The cache became one of the main controls. Slack deployed a change that improved cache hit ratio and later reported recovery in health metrics. For a normal read path, a cache miss is often a performance cost. For an EKM path, a miss can mean another request into key-management infrastructure or a third-party dependency. Enough misses can turn a dependency that usually stays hidden into a user-visible bottleneck.

The May 11 recurrence made the pressure source clearer. Slack later summarized the renewed impact as elevated latency and errors caused by elevated encryption-key request load. The mitigation list tells the story: Slack paused EKM backfills, evaluated pod scaling, assessed a high-volume load test workload contributing to EKGen traffic, re-engaged third-party infrastructure teams, reduced KMS request rate by approximately 50%, and increased cache capacity.

Those actions show what was actually competing for capacity. Live customer actions needed key-management headroom. Backfills consumed it. A load test contributed traffic. Cache misses passed more work through to the constrained dependency. And the provider boundary added another place where Slack needed coordination instead of direct control.

Slack said customer impact stopped around 8:00 AM PT on May 11, and the incident was under control at 9:16 AM PDT. The important recovery pattern was demand reduction, not only provider repair. Slack lowered the rate of KMS requests and added cache capacity, which gave the key-management path room to recover while teams continued investigating the underlying cause.

EKM placed the encryption key path under the same workflows customers used every day — message sending, channel loading, file operations. When that path became a bottleneck, the security boundary held, but the product boundary did not.
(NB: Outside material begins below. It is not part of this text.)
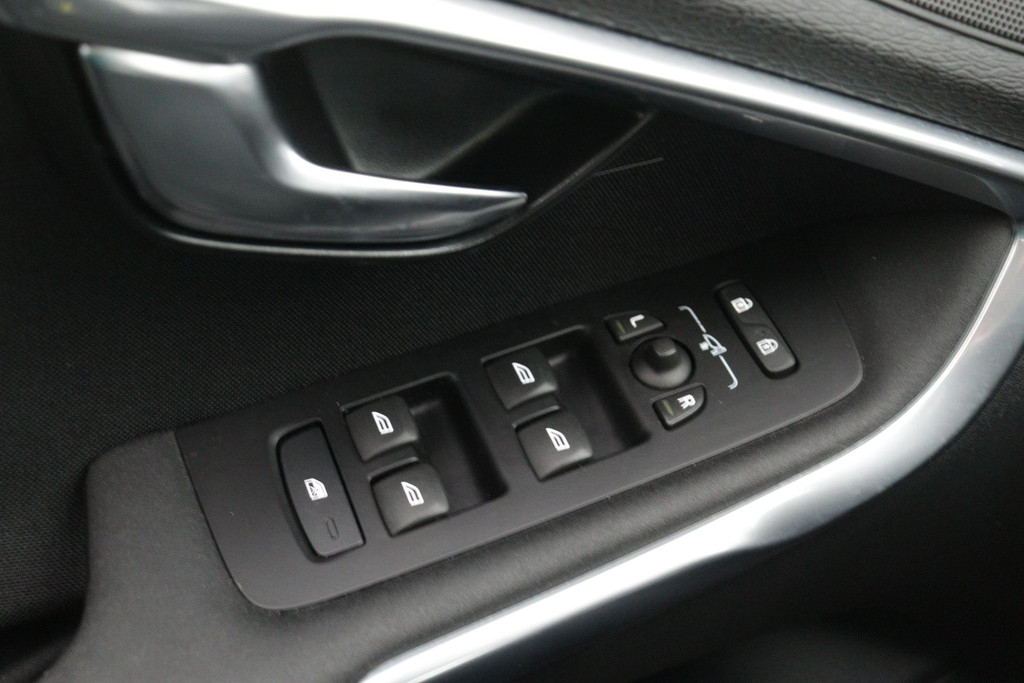 
Volvo V40 1.5 T2 Polar+ Automaat (NAVIGATIE, ACHTERUITRIJCAMERA, STOELVERWARMING, 1e EIGENAAR, GOED ONDERHOUDEN) vol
Key retrieval, backfills, load tests, and cache misses all drew from the same shared headroom, with no priority or rate limits separating them.

reducing the rate of KMS requests by approximately 50% and increasing cache capacity// Slack Status, May 8, 2026

From the first signal to all-clear in 3h 21m.

10:55 PDT May 8
EKM users see message and channel failures
Slack reports that between approximately 10:55 AM and 11:10 AM PDT, Enterprise Key Management customers may have experienced issues sending messages and loading some channels. Error rates returned to normal, but Slack continued investigating the cause.
11:44 PDT May 8
Elevated errors return
Slack reports renewed elevated error rates and latency for EKM customers. The affected experience includes sending messages and loading some channels, with no known workaround.
12:20 PDT May 8
Upstream provider and cache paths investigated
Slack says it believes an upstream provider issue may be affecting some services and is reviewing cache configuration in parallel to reduce impact.
12:54 PDT May 8
Slack improves cache hit ratio
Slack deploys a fix that improves cache hit ratio and observes recovery in health metrics while continuing to monitor the upstream provider.
16:27 PDT May 8
Provider fix restores service
Slack reports that its upstream provider implemented a fix, all services were restored after stable monitoring, and EKM customers should no longer experience access issues.
05:55 PDT May 11
EKM issue recurs
Slack later summarizes a recurrence beginning around 5:55 AM PDT on May 11, with elevated latency and errors across messaging, channel loading, workflows, and file operations for customers relying on EKM.
07:22 PDT May 11
Backfills paused and load test reviewed
Slack investigates a recurrence of the previous incident, pauses EKM backfills to reduce load, evaluates pod scaling, and assesses a high-volume load test workload contributing to EKGen traffic.
09:38 PDT May 11
KMS request rate reduced
Slack says mitigating actions reduced the rate of KMS requests by approximately 50% and increased cache capacity. The incident has been stable for over an hour with no new customer-facing impact detected.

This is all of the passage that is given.